The entries must be retyped exactly, down to the last line.

(Beginning of TASK DATA)

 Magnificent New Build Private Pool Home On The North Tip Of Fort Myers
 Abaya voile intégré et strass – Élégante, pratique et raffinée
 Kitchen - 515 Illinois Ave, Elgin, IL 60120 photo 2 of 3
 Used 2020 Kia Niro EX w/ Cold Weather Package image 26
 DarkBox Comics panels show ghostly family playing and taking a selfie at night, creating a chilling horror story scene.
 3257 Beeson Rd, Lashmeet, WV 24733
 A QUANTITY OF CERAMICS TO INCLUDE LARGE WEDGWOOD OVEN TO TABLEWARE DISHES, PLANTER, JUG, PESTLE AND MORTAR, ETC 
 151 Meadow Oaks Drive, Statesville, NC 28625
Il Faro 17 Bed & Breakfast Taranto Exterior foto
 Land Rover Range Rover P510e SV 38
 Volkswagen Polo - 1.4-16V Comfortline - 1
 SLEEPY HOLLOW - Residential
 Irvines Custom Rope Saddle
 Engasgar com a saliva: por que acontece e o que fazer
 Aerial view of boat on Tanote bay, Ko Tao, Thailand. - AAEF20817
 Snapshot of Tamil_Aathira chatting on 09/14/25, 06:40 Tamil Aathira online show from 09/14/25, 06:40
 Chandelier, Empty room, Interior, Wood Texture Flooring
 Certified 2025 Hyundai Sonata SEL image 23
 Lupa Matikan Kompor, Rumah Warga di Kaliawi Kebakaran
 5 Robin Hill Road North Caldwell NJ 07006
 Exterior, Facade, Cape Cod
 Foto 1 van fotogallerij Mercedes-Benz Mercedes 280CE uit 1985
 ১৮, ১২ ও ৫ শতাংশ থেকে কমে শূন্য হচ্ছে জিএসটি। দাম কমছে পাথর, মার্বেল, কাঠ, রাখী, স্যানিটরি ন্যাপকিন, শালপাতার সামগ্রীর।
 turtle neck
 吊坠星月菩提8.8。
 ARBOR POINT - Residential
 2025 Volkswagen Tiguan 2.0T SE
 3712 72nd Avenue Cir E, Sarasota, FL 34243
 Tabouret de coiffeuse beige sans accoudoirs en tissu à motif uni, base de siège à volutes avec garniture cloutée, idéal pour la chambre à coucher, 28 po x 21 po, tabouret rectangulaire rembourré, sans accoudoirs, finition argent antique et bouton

(End of TASK DATA)

RESPONSE TO THE EXERCISE:
 Magnificent New Build Private Pool Home On The North Tip Of Fort Myers
 Abaya voile intégré et strass – Élégante, pratique et raffinée
 Kitchen - 515 Illinois Ave, Elgin, IL 60120 photo 2 of 3
 Used 2020 Kia Niro EX w/ Cold Weather Package image 26
 DarkBox Comics panels show ghostly family playing and taking a selfie at night, creating a chilling horror story scene.
 3257 Beeson Rd, Lashmeet, WV 24733
 A QUANTITY OF CERAMICS TO INCLUDE LARGE WEDGWOOD OVEN TO TABLEWARE DISHES, PLANTER, JUG, PESTLE AND MORTAR, ETC 
 151 Meadow Oaks Drive, Statesville, NC 28625
Il Faro 17 Bed & Breakfast Taranto Exterior foto
 Land Rover Range Rover P510e SV 38
 Volkswagen Polo - 1.4-16V Comfortline - 1
 SLEEPY HOLLOW - Residential
 Irvines Custom Rope Saddle
 Engasgar com a saliva: por que acontece e o que fazer
 Aerial view of boat on Tanote bay, Ko Tao, Thailand. - AAEF20817
 Snapshot of Tamil_Aathira chatting on 09/14/25, 06:40 Tamil Aathira online show from 09/14/25, 06:40
 Chandelier, Empty room, Interior, Wood Texture Flooring
 Certified 2025 Hyundai Sonata SEL image 23
 Lupa Matikan Kompor, Rumah Warga di Kaliawi Kebakaran
 5 Robin Hill Road North Caldwell NJ 07006
 Exterior, Facade, Cape Cod
 Foto 1 van fotogallerij Mercedes-Benz Mercedes 280CE uit 1985
 ১৮, ১২ ও ৫ শতাংশ থেকে কমে শূন্য হচ্ছে জিএসটি। দাম কমছে পাথর, মার্বেল, কাঠ, রাখী, স্যানিটরি ন্যাপকিন, শালপাতার সামগ্রীর।
 turtle neck
 吊坠星月菩提8.8。
 ARBOR POINT - Residential
 2025 Volkswagen Tiguan 2.0T SE
 3712 72nd Avenue Cir E, Sarasota, FL 34243
 Tabouret de coiffeuse beige sans accoudoirs en tissu à motif uni, base de siège à volutes avec garniture cloutée, idéal pour la chambre à coucher, 28 po x 21 po, tabouret rectangulaire rembourré, sans accoudoirs, finition argent antique et bouton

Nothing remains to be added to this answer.